Monday, January 21, 2013

What is "culture," and how is it related to language?


“Culture” is one of those words we use routinely without fully examining just what the word means. Morgan’s chapters 3 and 4 in Teaching Culture: Perspectives in Practice begin explaining the relationship between language and culture by first complicating the term “culture”. Morgan’s Chapter 3 explains how the five dimensions of culture – products, practices, persons, communities, and perspectives – are all interrelated. And, the image/metaphor of the iceberg (even though I saw a huge rock of a diamond – maybe that’s my culture of being female playing into my perspective?) serves the imagery purpose in also depicting the explicit and tacit characteristics of culture (predominantly of perspectives).

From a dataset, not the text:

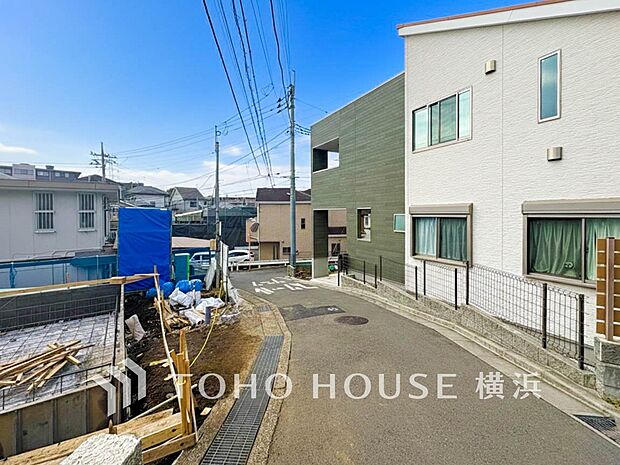 子育て環境、生活利便に優れた住環境に立地し、ゆとりある生活が送れます。(2026年2月撮影)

This discussion of explicit and implicit cultural characteristics helped to settle some anxiety I’ve felt with becoming a second language instructor. How do I know the relevant aspects of a student’s culture in order to effectively and sensitively make connections for that student in the classroom? Learning involves making connections between what one already knows and what one is learning. How do I know what my students already know if we have few aspects of culture in common? Morgan helped me understand (through Maureen McCarthy’s narrative) that I’m not expected to know fully my students’ culture; however, I am expected to understand the complexity of the concept of culture and that I need to find help/assistance from someone who DOES share similar cultural characteristics with my students, someone who understands those various products, practices, perspectives, communities, and persons. McCarthy explains how we are to arrive at this “emic” view when our “etic” views may not be accurately applied:
It is my opinion that in order to really get inside the emic view, an outsider needs an informant who is aware of the values and is able to articulate them, but is t is also possible to conduct research and draw from experience with he culture in order to make connections between products and practices, perspectives and values” (Morgan 30).
This idea, then, of finding an informant (whether that be a person or a text that informs), alleviates some of my anxiety regarding understanding how my students are cultured and how to best teach them.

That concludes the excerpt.